The Great Hall of the Catherine Palace after the removal of most of the debris.


From the diary of Pavel Luknitsky. Writer, poet, journalist, war correspondent.

Diary entry from January 25-26th, 1944:

"January 25th. The night of January 26th. 2.30am. Pushkin has been liberated! At 10.30am I and correspondents Voronov, Sozhin and a Pravda cameraman depart for Pushkin on our GAZ-M1 car.
At the entrance to Pushkin there stands a pole with a plaque painted with white paint, displaying an announcement written in black letters:

"Attention!
Forbidden zone.
Those crossing this line towards Leningrad,
Will be shot without warning."

Under the line there's the same warning written in German. To the left of the writing there's a skull with crossbones. I take a picture of it.

Park thrashed by torn metal. Black snow covered in fallen tree branches. Gaping holes in airfield barracks.

Pushkin!.. The town of Russian poetry!

We turn left from the Orlov Gates peppered with steel shrapnel and bullets, pass by the surviving Ruin, race past the lakeside along the alley towards To-my-Dear-Comrades-in-Arms Gate; with trepidation I look further, through the thickets of fallen trees the park has been turned into. The darkened roof of the Turkish Bath is grinning with broken scaffolding and the Chesme Column is - thank God! - intact.

To the right there's a row of houses - some are half-destroyed, others were burned down or razed to the ground.
Across the lake I can see the Cameron's Gallery, the Catherine Palace. My heart shrinks: what shall we see when we get close to it?

Anti-tank guns are standing in the alley. A squad of Red Army soldiers is towing trophy weapons, supplies and German ammunition.
Knee deep in the mud, we walk along the canal, hurrying to get to the Catherine Palace, lit by the rays of sun which broke though the sky. Without even getting close to it, we can see that there's just a hollow carcass left from the palace which seemed to be intact from the distance. The church is shining with blue colours, but its domes are bared, the gold leaf has been peeled off, scaffolding is sticking out.

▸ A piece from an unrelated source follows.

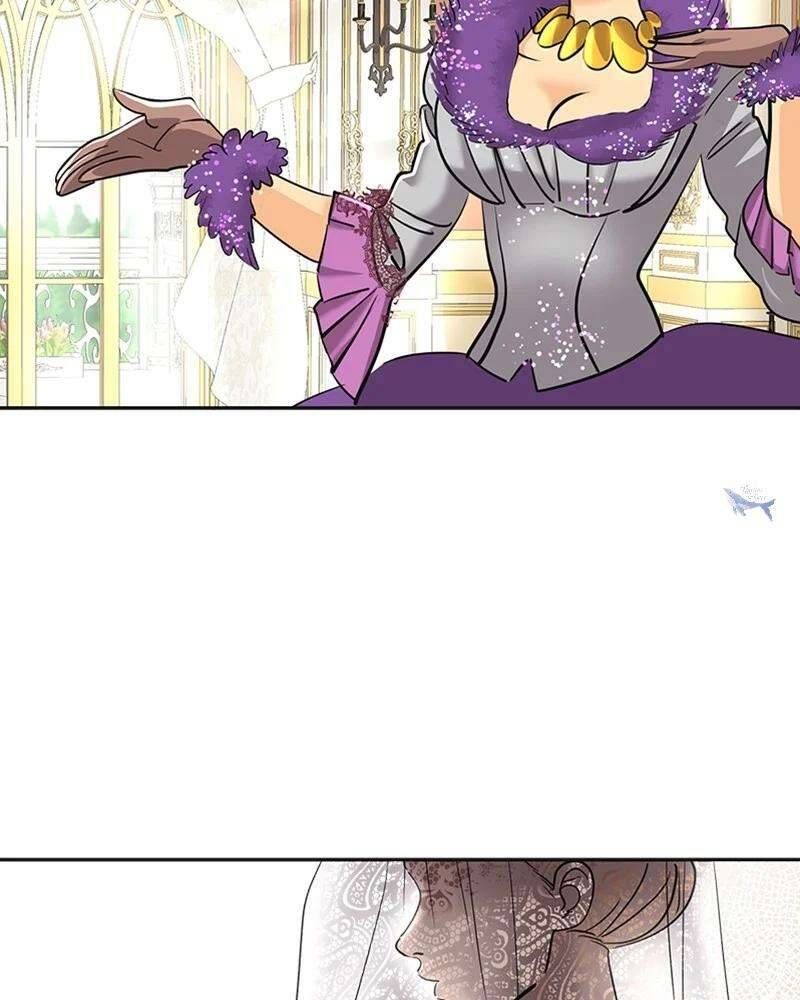 Hoàng Hậu Son Môi Chapter 5 - Trang 2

Widow openings resemble empty eye sockets, the frames are broken or gone completely, heaps of broken bricks can be see under the walls. Inside the palace there's the chaos of caved in empty halls, walls ripped up to their bricks. Everything is broken! Here and there one can see glittering pieces of gilded friezes, shattered remnants of medallions, ornaments, bas-reliefs. These fragments aggravate the grievous impression produced by the destruction. Neither the Amber Room, nor the Great Hall, nor any other world famous halls. Where has is all gone, all the amber, parquet floors made of amaranth, red and black wood, mosaics, silk from old Russian factories?

Where is the immense trove of treasures this place once possessed? Have they been destroyed? Or taken to Germany?
The palace I've known since the days of my youth is now in ashes, charred, in the state of a most deplorable devastation.
We walk out of the palace, depressed by its sight.

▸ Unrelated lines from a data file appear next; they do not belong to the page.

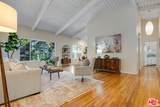 1115 Beverly Glen Blvd - Photo 5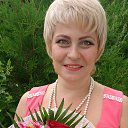 ���� �������, ���������� �����, 58 ��� - ��������� 18 ���� 2016 � ������ ���� ����������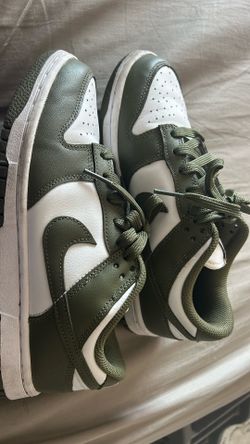 Dunks
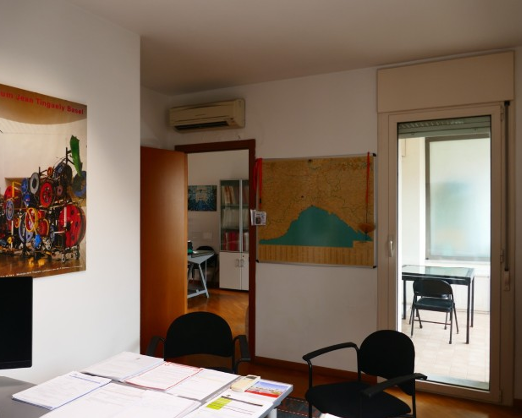 Foto annuncio 6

The long side wing of the Circumference is overfilled with horse manure, the doors of the rooms in its corridor are torn off. There's a horse stall in each room. This is where the arrow of the road sign with the Spanish inscription "Caballos alpaso" and an image of a horse we saw near the Third Pond pointed. The vagrants from the Spanish "Blue Division" organised stables for themselves here!

There's a marble Venus standing with her back to the window of the first floor in the Zubov Block. It is entwined by a green wire. It stretches further, into the cellar. In the cellar there's a huge air bomb. Under the arches of the Cameron's Gallery there are 2 other 250kg air bombs connected by the same wire. The arches under the gallery are blocked by reinforcing beams. The wire stretches under the snow further into the park, all the way to the Grotto. This is where the clock of the time fuse had to set it off. They failed! Our sappers had pulled it from under the snow right before I came there, having tracked the direction of the wire, cut it and prevented a monstrous explosion. I took a picture of the flag placed on the spot where the wire was disconnected. And then another black Hitlerite flag with the inscription "Sammerplatz Moller"...

The Cameron's Gallery has survived, although it's missing the bronze bust of Lomonosov and other statues. Ammunition crates are all around the staircase, same heaps of crates can be seen in the Grotto.

Having walked around the Grand Palace and looked at the empty spot by the Lyceum where the monument to Pushkin was supposed to stand, we return back to my car. A brief council: where shall we go? To Pavlovsk!"